COLA Connections Newsletter: Spring 2016

Alumni Spotlight: Christopher Samp-- Making His Mark on Washington DC

Christopher Samp graduated in 2006 with a Bachelor’s degree in Public Policy, and in 2010 completed his Master’s degree in Science, Technology, and Public Policy. He currently works as a research assistant for U.S. Senator Dick Durbin (Illinois) and is heavily involved in the Deaf and Hard of Hearing community in Washington DC.

How would you describe your RIT experience? Do you have any distinguishing memories about it?

Attending RIT was a life changing experience for me. Growing up in Michigan, for much of my early education I felt very much an outsider; I had to fight hard to fit in by educating my hearing peers that my deafness was not a limitation. After my senior year of high school, I did not want to follow many of my classmates to University of Michigan or Michigan State because I felt like I was missing something from my student experience. I participated in RIT’s Explore Your Future (EYF) program, which was career exploration for Deaf and Hard of Hearing high school students. I fell in love with RIT, made many new friends and was determined to make RIT my home-away-from-home. When I received my acceptance letter, I was thrilled.

RIT is a wonderful school with unlimited opportunities. As a student, I took on many leadership roles, including NTID Student Congress President, NTID Senator and various positions within Sigma Nu fraternity. RIT helped me develop my leadership skills and my passion for public service, which I still carry with me today.

What kind of work do you involve yourself in now that you've graduated?

Currently, I work as a research assistant for a senator in the United States Senate. I do everything from handle incoming correspondence, archive letters, track hundreds of amendments, assist with speechwriting, collect and analyze data, supervise interns, meet with constituents, and do research for a legislative staffer. I enjoy spontaneous projects every day. The United States Congress is a fascinating place.

In my spare time, I am involved with Deaf in Government (DIG), a non-profit organization that serves as an employee training and resource group for Deaf and Hard of Hearing government employees. Being involved with that organization allows me to meet professionals who work in other federal agencies and it also allows me to stay on top of issues affecting the Deaf and Hard of Hearing community.

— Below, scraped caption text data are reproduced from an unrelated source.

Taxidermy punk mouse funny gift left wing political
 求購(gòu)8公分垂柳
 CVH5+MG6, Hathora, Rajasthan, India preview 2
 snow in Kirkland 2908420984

What are some of the biggest obstacles you face at your work and in your community involvement?

There is a big demand for increased access to ASL interpreters in the federal workplace because Deaf employees want to be more involved with their hearing peers. Also, each federal agency has limited resources to provide enough accommodations. There is a strong need to educate employers on how they can make the workplace more accessible to people with disabilities and stay up-to-date with current accessibility technology.

I am fortunate to have a very supportive supervisor and to work in an office where the staff are proactive in making sure that accommodations are arranged for staff meetings, constituent meetings and professional development opportunities. I have had some technical challenges with my accessibility technology, such as finding my videophone’s connection occasionally blocked because of network security changes, but my boss has always been understanding of my situation and makes sure that technical issues are resolved as soon as possible.

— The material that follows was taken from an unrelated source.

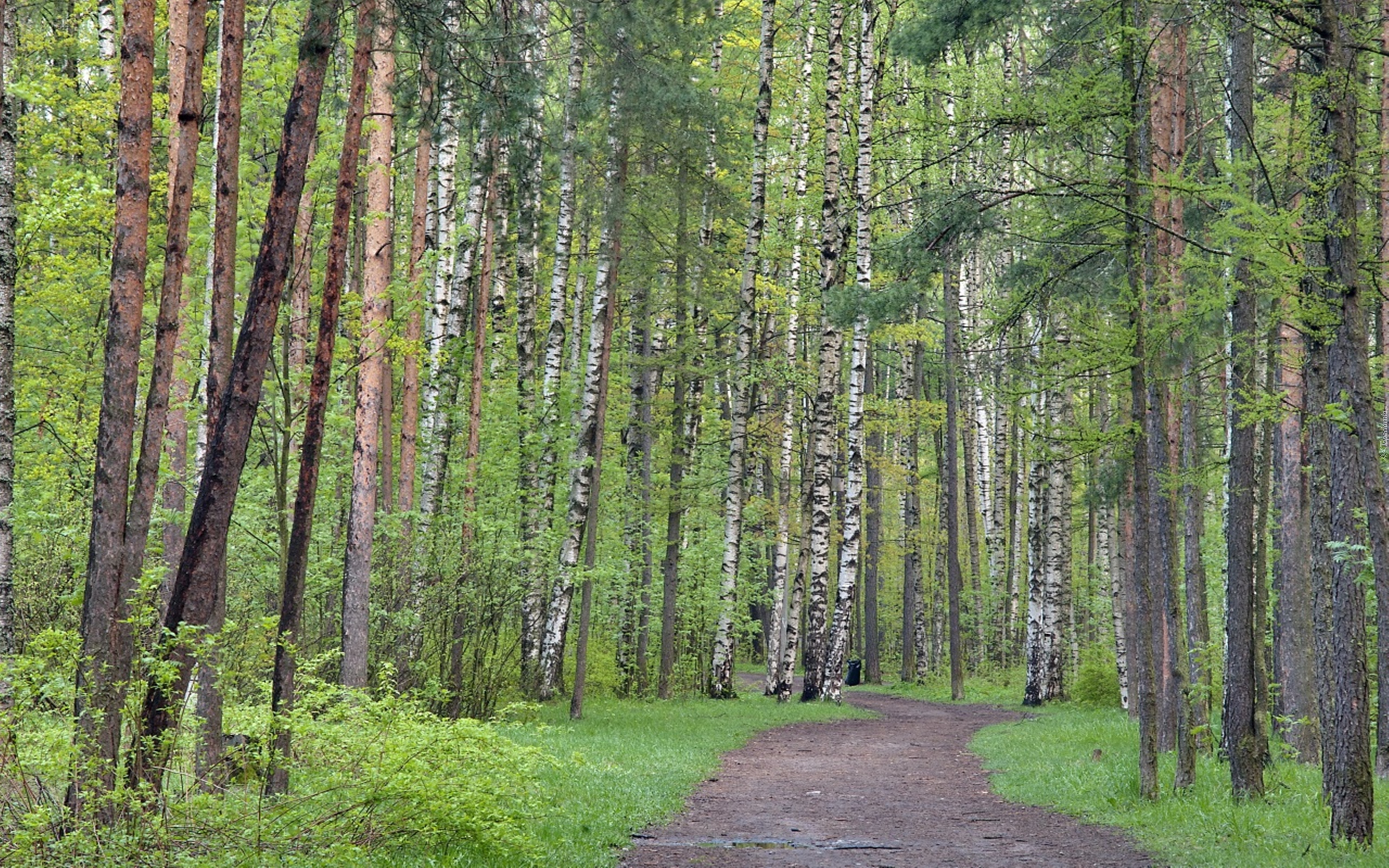 Фотографии Смешанного Леса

What are some of the biggest successes you've had at your work and in your community involvement?

One of the most memorable experiences was writing a speech that was actually delivered and put on congressional record. It was a great privilege to have that amazing opportunity.

Another point of pride was the recognition of my volunteer work for Deaf in Government. Over the past five years, I’ve been involved with membership development, website development, fundraising for DIG’s scholarship program, professional development and training conferences. At the 2015 annual appreciation ceremony, the president of DIG stood up in front of everyone and gave me a personalized, special recognition for my hard work. I look forward to many more years of volunteering with the organization.

How did your studies at RIT prepare you for your work?

My studies at RIT not only prepared me for my career, but also for life outside of my career. The courses I took through the Public Policy department taught me important data analysis and problem solving skills. I’ve learned how to collect and analyze data, come up with feasible solutions to complex problems, understand history and different points of view, look at the bigger picture and think outside of the box. I still use many of these skills in both my workplace and in my community.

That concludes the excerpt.